Good morning,

Markets are called higher this morning. This is what's happening today:

  • Italy will auction bonds today as rising borrowing costs in Europe reflect concern the debt crisis is worsening;
  • Federal Reserve Vice Chairman Janet Yellen said low U.S. interest rates are warranted as the job market remains weak;
  • Citigroup Inc. recommended buying industrial shares;
  • HSBC have turned overweight on the banking sector in Europe from neutral;
  • The yen extended declines to a second day, falling against all of its 16 major counterparts, after Bank of Japan Governor Masaaki Shirakawa said he will continue pursuing monetary easing;
  • Google reports results today after the closing bell;
  • Wells Fargo and JP Morgan report results tomorrow;
  • 10-year Italian debt is yielding 5.534%, 10-year Spanish debt is yielding 5.877%, 10-year Portuguese debt is yielding 12.458%;
  • Brent is trading at $120.14/barrel
  • Apple closed the session at $626.20 and Priceline at $729.57 – a bargain price to pick up these stocks!

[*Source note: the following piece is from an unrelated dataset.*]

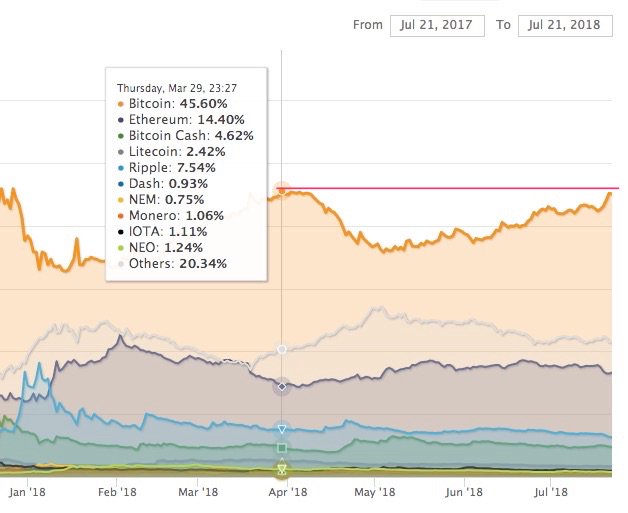 DEG_2020's tweet photo. BTCドミナンスは前回の水準に。
超えるかな？個人的には超えると思ってアルト保有してないけど。 https://t.co/SSRNgrfQq3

Markets are called higher after 5-days of consecutive losses. Despite the current uneasiness we have in the markets because of Portugal and Greece and the doubt whether the US will carry out further quantitative easing, companies started to report good results. It came as a surprise that Alcoa beat the streets estimates when we have been hearing all along that demand from China is falling. We have heard it also from BNP Billiton when it came out saying that the lack of demand from China will have an impact on its accounts.

Apart from the earning season which just kicked off, Citigroup came out saying that it is overweight on industrials and HSBC came out saying that it is overweight on European Banks from previously being neutral. I'll start off with Citi's comments. Citi aren't the first to point out that industrials are trading on interesting valuations. And this is because they did not perform as well as cyclicals and financials in the first quarter of 2012 when the markets closed the quarter 20% up. Industrials lagged these other sectors and now that cyclicals and financials are slowing down in Q212 as earning season kicks in and as we wait to see how governments and central banks will help stimulate growth in the global economy, industrials will play catch up. It isn't Citi alone that is overweight industrials. Many other analysts are of the same view and are overweight industrials. When I say industrials I mean the like of Bombardier, Siemens, Schneider etc.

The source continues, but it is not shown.